Fair enough on future plans… but in the current price category, I just don’t see the Longitude selling over any number of more desirable LE watches from the likes of Omega, getting into a HH brand like Girard Perregaux (any number of Laureato models), a complicated JLC from the Master or Reverso collections, or even someone taking the dip and paying grey market prices for stainless steel Rolex sports models.


----------



## DadofFour (Mar 15, 2021)

The price of those LE Bremont are way out of my budget, I am interested to see which models will get the new movement in the future.


----------



## bounce (May 31, 2010)

DadofFour said:


> The price of those LE Bremont are way out of my budget, I am interested to see which models will get the new movement in the future.


I can see the new movement making its way into most models later in its life as it can be adapted for lots of different applications, 3 hand, Chrono, GMt's etc.


----------



## Adil861 (Sep 16, 2021)

DadofFour said:


> The price of those LE Bremont are way out of my budget, I am interested to see which models will get the new movement in the future.

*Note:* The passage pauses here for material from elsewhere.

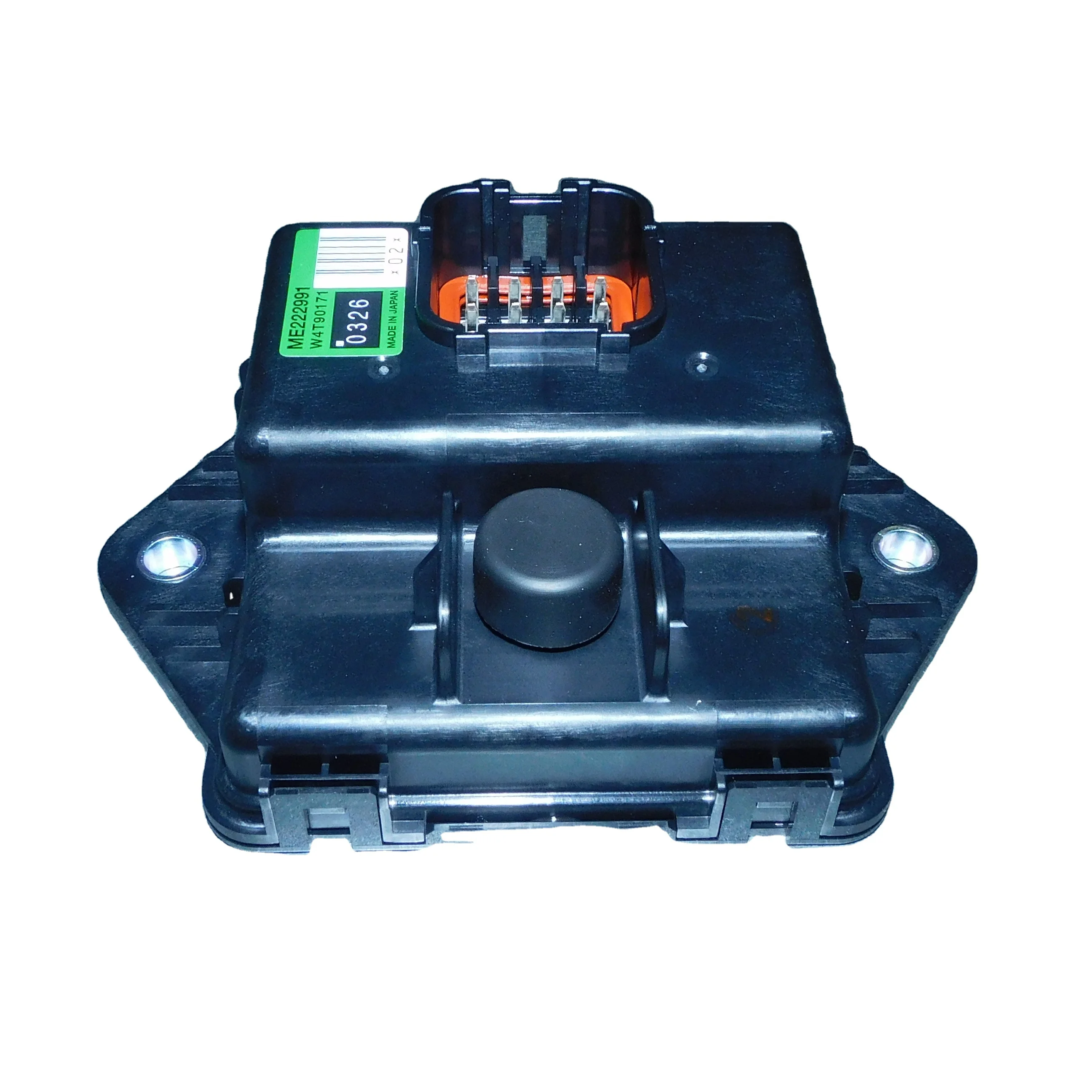 Genuine EGR Controller ME222991 for Fuso Auto Parts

I really wanna see the movement on Martin Baker range. That will be something really cool. The proposition here is that you have manufactured movement from independent British brand, anti shock, antimagnetic, can withstand Martin Baker Ejection test.


bounce said:


> I can see the new movement making its way into most models later in its life as it can be adapted for lots of different applications, 3 hand, Chrono, GMt's etc.


I can see delivery of GMT will be something early they will implement.


----------



## COZ (Sep 7, 2011)

Adil861 said:


> I really wanna see the movement on Martin Baker range. That will be something really cool. The proposition here is that you have manufactured movement from independent British brand, anti shock, antimagnetic, can withstand Martin Baker Ejection test.


Yes, put it in the MB range and slime the case thickness down!


----------



## Adil861 (Sep 16, 2021)

COZ said:


> Yes, put it in the MB range and slime the case thickness down!


MB cases above 14 mm without chrono are too thick. If they make it thinner, will that make it less shock resistant?


----------